Film molto interessante: a volte le nostre vite rimangono bloccate (c’è una “pietra”, una scelta che sta bloccando la tua?). E in questi casi la responsabilità è nostra anche se non sempre riusciamo ad avere l’onestà di ammetterlo come invece fa il protagonista. E questo è il punto di partenza perché Aron riesca anche a dire un grazie sentito, in un momento in cui era al massimo del disagio e avrebbe dovuto solo essere arrabbiato, disperato, lamentoso. E invece no. Forse perché quando la vita si fa seria le priorità prendono il giusto ordine? E a proposito di priorità cosa permette al protagonista di non lasciarsi andare, se non ha tratti ed arrivare fino a compiere un gesto estremo per salvarsi la vita? Lasciarsi morire sarebbe stato più semplice una volta che la stanchezza, la fame, la sete e la disperazione sono al culmine. E invece lui ha un qualche motivo per lottare (molto belle le scene del divano e i sorrisi che le accompagnano). Quale potrebbe essere il tuo?

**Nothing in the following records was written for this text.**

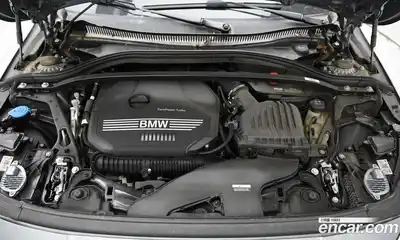 BMW 1-Series 2023 2.0 гидро в Москве № 1835510, миниатюра 6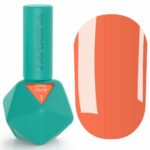 Гель-лак Victoria Avdeeva CORAL COLOR 1 – кораловий (HEMA & TPO FREE), 12 мл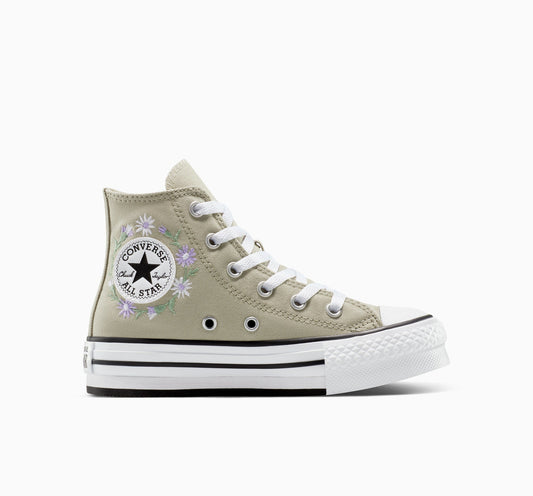 Chuck Taylor All Star EVA Lift Platform Florals High Top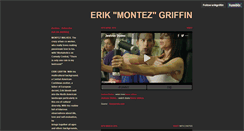 Desktop Screenshot of erikgriffin.tumblr.com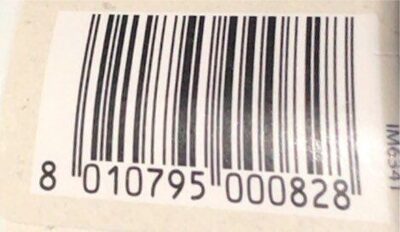 Yogurt magro bianco biologico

Tratto dal libro autobiografico di Aron Ralston Between a Rock and a Hard Place, e scritto da Danny Boyle (vincitore di 8 premi Oscar per The Millionaire ) in coppia con Simon Beaufoy (sceneggiatore premiato con l’Oscar per lo stesso film), è – secondo la definizione del regista – “un film d’azione dove l’eroe non si può muovere”. Una sfida, quella di raccontare le centoventisette ore del titolo – lasso di tempo in cui un masso tiene incastrato il protagonista in una profonda gola di un parco nazionale dello Utah – vinta soprattutto grazie al talento visivo di un regista dallo stile riconoscibile, ma capace di rinnovarsi film dopo film. Una sfida vinta con successo anche dal protagonista James Franco (attore in grande crescita e pronto ormai a fare il balzo nell’empireo di Hollywood: per questo film ha ricevuto la nomination all’Oscar) la cui interpretazione può essere paragonata a quella di Tom Hanks in Cast Away e di Emile Hirsch in Into the Wild, film con cui questo dialoga, almeno per certi versi, anche a livello tematico.
Cosa passa nella testa di un uomo convinto di stare per morire, quando ha tutto il tempo di ripercorrere la propria vita attraverso la galleria di volti, azioni ed errori che ne hanno fatto l’uomo che è? Cosa resta di una vita votata all’avventura e alla presunta indipendenza, quando i ricordi si fanno nitidi e le certezze più limpide? Quanto contano l’affetto dei propri cari e l’amore di una ragazza con cui forse le cose potevano andare diversamente? E mentre il ragazzo medita sulla propria superbia (si trova nei guai perché non voleva dire a nessuno dove andava), il film riflette sui concetti di tempo e di spazio e la gola strettissima diventa un luogo sterminato, come un deserto o un oceano, dove la mente può vagare senza barriere lottando strenuamente per restare lucida (eccezionale la sequenza della finta trasmissione tv immaginata dal ragazzo). Il film si tiene vivo, esattamente come il protagonista, ricorrendo a flashback, sogni e allucinazioni (e il regista, per dare diversa “consistenza” ai vari piani del racconto, ha lavorato con due diversi direttori della fotografia), dove l’uso della videocamera serve al protagonista per comunicare e non impazzire ma è anche un forte elemento narrativo e di linguaggio (funzionali le immagini frammentate con lo split screen).
Un film che non annoia – nonostante rimanga bloccato insieme al suo protagonista – e rimane asciutto, nonostante l’impeto visionario di molte sequenze, almeno fino alla scena che risolve l’intreccio dove (e questa è un’avvertenza per gli stomaci più sensibili che potrebbero essere turbati) non si risparmiano dettagli pur di avvalorare la tesi che l’uomo, più che a ogni altra cosa, è attaccato alla vita. Ma è un finale – senza svelare nulla – anche di grande commozione e tenerezza, in cui in un prorompere di emozioni tutta la vicenda acquista un senso grande e prezioso.